Our cities need deep energy retrofits

Sandy Tung, Programme Manager for Sharing Cities writes on the Cities Today website about the importance of deep energy retrofits.


Deep energy retrofits: Enhancing energy efficiency in the built environment

Cities play a crucial role in shaping the climate agenda, accounting for about 65 percent of global energy demand and 70 percent of energy-related CO2 emissions. Of that, buildings are responsible for 40 percent of energy consumption and 36 percent of CO2 emissions in the EU. As urban populations continue to increase, the challenge to shift to more sustainable development, and decouple increasing energy demands from greenhouse gas emissions, has never been more pressing.

National and regional carbon reduction targets have led to a big shift in how energy is produced, distributed and consumed at every scale. Rapid electrification of our transport and heating systems is essential in achieving these targets, and our ability to supply electricity through local, renewable power is a crucial part of that effort. However, shifting to greener energy production alone is insufficient in meeting our climate goals quickly enough. To support faster decarbonisation at lowest cost, we need a smarter energy system – one that integrates heat, power, transport and buildings, and can optimise supply and demand with storage and flexibility. According to the Mayor of London’s Zero Carbon London plan, if we further decarbonised energy systems and buildings UK-wide, we could reduce carbon emissions by an extra 30 percent.

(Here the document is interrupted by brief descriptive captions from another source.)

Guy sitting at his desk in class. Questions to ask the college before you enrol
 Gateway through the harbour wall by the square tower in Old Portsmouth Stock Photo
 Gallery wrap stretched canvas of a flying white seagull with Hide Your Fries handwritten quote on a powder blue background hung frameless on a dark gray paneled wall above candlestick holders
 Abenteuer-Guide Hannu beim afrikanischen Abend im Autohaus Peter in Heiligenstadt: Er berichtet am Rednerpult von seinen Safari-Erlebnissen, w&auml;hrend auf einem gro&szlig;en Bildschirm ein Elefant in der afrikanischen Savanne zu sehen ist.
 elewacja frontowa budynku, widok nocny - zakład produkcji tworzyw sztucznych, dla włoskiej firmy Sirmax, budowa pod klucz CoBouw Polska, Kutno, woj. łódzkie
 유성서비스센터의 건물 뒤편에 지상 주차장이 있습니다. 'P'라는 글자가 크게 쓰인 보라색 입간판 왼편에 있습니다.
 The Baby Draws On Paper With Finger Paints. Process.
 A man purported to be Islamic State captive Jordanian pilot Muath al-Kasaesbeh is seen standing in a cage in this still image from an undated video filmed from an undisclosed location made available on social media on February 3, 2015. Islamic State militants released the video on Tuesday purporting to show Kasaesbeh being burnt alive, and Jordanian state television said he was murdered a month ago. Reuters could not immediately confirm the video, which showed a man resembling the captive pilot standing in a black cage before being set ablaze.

COVID-19 has also forced an unforeseen shift in energy patterns. To support social distancing, people are spending more time in their homes, and our relationship with energy and the way we use buildings is also changing. These patterns may well continue long after the peak of the pandemic. Investing in a smart, local and fairer energy system must be at the heart of any recovery plan, and indeed any long-term development strategy.

The Greater London Authority leads Sharing Cities, a collaborative European smart cities programme of 34 partners across the public, private and academic sectors. Since 2015, we have tested technologies such as electric and shared mobility schemes and street sensors, and have developed data-sharing platforms that integrate these solutions for increased impact. Our work shows how thoughtfully designed, integrated, open-source solutions can improve the wellbeing of citizens as well as the sustainability of our cities.

Sharing Cities also trialled deep energy retrofits and smart energy systems, which were rolled out in three cities: Lisbon, Milan, and the Royal Borough of Greenwich in London. These energy upgrades are already showing impressive results. Lisbon’s historic city hall is receiving 36 percent energy savings and a 50 percent reduction in total electricity use from the grid. In Milan, energy consumption has been reduced by 60 percent in the buildings that were retrofitted.

In the Royal Borough of Greenwich, where 41 percent of the borough’s emissions come from housing and 10 percent of households are in fuel poverty, Sharing Cities went beyond standard retrofit and repairs by completing a deep energy retrofit on two large housing estates, combining energy-efficiency measures with low carbon technology, connected devices and smart controls. This has led to greater savings, equivalent to 667 homes’ energy usage a year so far.

In our latest playbook on deep energy retrofits, we summarise the lessons learned and share our insights on how these methods can be replicated across municipal buildings, public housing and private developments to help reduce energy use whilst improving comfort levels for people living and working in those buildings. We also share some advice on navigating the tricky political, regulatory and cultural challenges to implementing these ambitious and complex schemes.

Old cities like London, Lisbon and Milan have a large amount of old building stock with inefficient heating and cooling systems. This presents an enormous opportunity to reduce our environmental footprint with retrofits. In London, to meet our carbon targets set by the Mayor of London, we will need to retrofit almost 160,000 homes a year by the mid 2020s – requiring £10 billion (US$13 billion) of investment by 2050. There’s still a long way to go. With the recent announcement of the UK government’s £3 billion energy-efficiency plan for homes and public buildings, our playbook makes the case for greater investments retrofits that leverage smart technology for greater impact.

There’s no better time than now to roll up our sleeves and get retrofitting!